Igor: [Imitating Groucho Marx] Soitenly. You take the blonde, I’ll take the one in the toiben.
Dr. Frederick Frankenstein: I was talking about the luggage.
*
Dr. Frederick Frankenstein: Love is the only thing that can save this poor creature, and I am going to convince him that he is loved even at the cost of my own life. No matter what you hear in there, no matter how cruelly I beg you, no matter how terribly I may scream, do not open this door or you will undo everything I have worked for. Do you understand? Do not open this door.
Inga: Yes, Doctor.
Igor: Nice working with ya.
[Dr. Frederick Frankenstein goes into the room with The Monster. The Monster wakes up]
Dr. Frederick Frankenstein: Let me out. Let me out of here. Get me the hell out of here. What’s the matter with you people? I was joking! Don’t you know a joke when you hear one? HA-HA-HA-HA. Jesus Christ, get me out of here! Open this goddamn door or I’ll kick your rotten heads in! Mommy!
*
Elizabeth: [to The Monster] Honey, did you see I put another hamper in the bathroom? This one’s for your shirts, the other’s just for socks and poo-poo undies.
*
[after sex with The Monster]
Elizabeth: Oh. Where you going?… Oh, you men are all alike. Seven or eight quick ones and then you’re out with the boys to boast and brag.
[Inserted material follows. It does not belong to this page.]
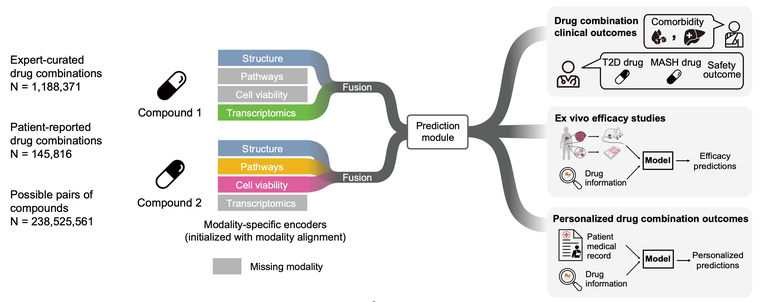 Madrigal model overview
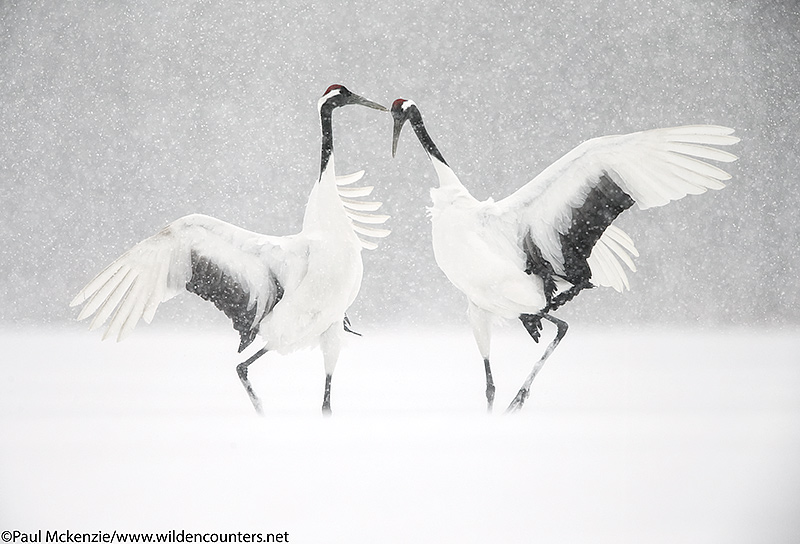 8. Red-Crowned Crane courtship dance, Eastern Hokkaido, Japan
YOU BETTER KEEP YOUR MOUTH SHUT. Oh… I think I love him.
*
[last lines]
Inga: You know, there’s something I’ve been meaning to ask you. In the transference, the monster got part of your wonderful brain. But what did you ever get from him?
Dr. Frederick Frankenstein: [growls suggestively]
Inga: [gasping] Oh my goodness, I don’t believe…
[emits several somewhat painful-sounding moans and grunts]
Inga: [singing] Oh, sweet mystery of life, at last I’ve found you!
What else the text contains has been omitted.